Find the area above curve y=(1/2*x-2)^6+5 enclosed by a line cutting at (0,y) and (x,y).

Note.It is a straight line.

Huh? It seems that you want the area under some arbitrary horizontal line.
So, let's say the line is through (0,6) and (2,6)
The area would then be (using symmetry of the region)
A = 2∫[0,2] 6 - ((1/2*x-2)^6+5) dx
That's just a simple substitution, letting
u = x/2 - 2
2du = dx
A = 2∫[-2,-1] 1-u^6 du

Dec 22, 2019
Answer is 438+6/7

Dec 22, 2019

Dec 22, 2019
Oops. That's the area under the curve, not the area above the curve. You can adjust it as needed, I guess.

Dec 22, 2019
Oops. I forgot to note that the axis of symmetry is x=4, not x=0. So the area would be, for some arbitrary x>=4, since the area desired is a rectangle of area 2(x-4)y, you'd get
2((x-4)*((x/2-2)^6+5)-(∫[2,x] ((t/2-2)^6 + 5) dt))
= 53/1952 (x-4)^7 - 72/7

Better double-check my math ...

How did length become 2(x-4) and area of unwanted region (∫[2,x] ((t/2-2)^6 + 5) dt)) with bounds 2 and x?

This question is poorly posed. You have x and y being used both as an independent variable and as a function, as well as some unknown point. How about we change things a bit and pick the line through the points (0,k) and (h,k) ? That is, the line y = k.

Now, since the graph of f(x) has a vertex and absolute minimum at (4,5), the line y=k only bounds an area with the curve if k > 5.
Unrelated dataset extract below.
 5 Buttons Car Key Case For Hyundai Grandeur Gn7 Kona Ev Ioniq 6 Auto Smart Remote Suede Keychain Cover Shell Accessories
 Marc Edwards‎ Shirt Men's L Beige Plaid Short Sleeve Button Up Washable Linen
So, the area between the line and the curve is
∫k-y dx = ∫k - ((x/2 - 2)^6 + 5) dx

So now we need to determine the interval to integrate on.
x = 2(2±(y-5)^(1/6)) = 4 ± 2(y-5)^(1/6)
So, the line y=k intersects the curve at h = x = 4-2(k-5)^(1/6) and 4+2(k-5)^(1/6)
So, using symmetry, the area is
2∫[4,h] k - ((x/2 - 2)^6 + 5) dx
And you can evaluate that at the integration limits.

Apologies for the confusion in my previous explanation. Let me clarify the process to find the area above the curve.

Given the curve equation y = (1/2*x - 2)^6 + 5 and the line passing through the points (0, y) and (x, y), we need to find the area enclosed between the curve and the line.

To solve this, we first determine the equation of the line. Since the line is horizontal, it will have a constant value of y. Let's suppose the line intersects the curve at y = k. Therefore, the equation of the line can be written as y = k.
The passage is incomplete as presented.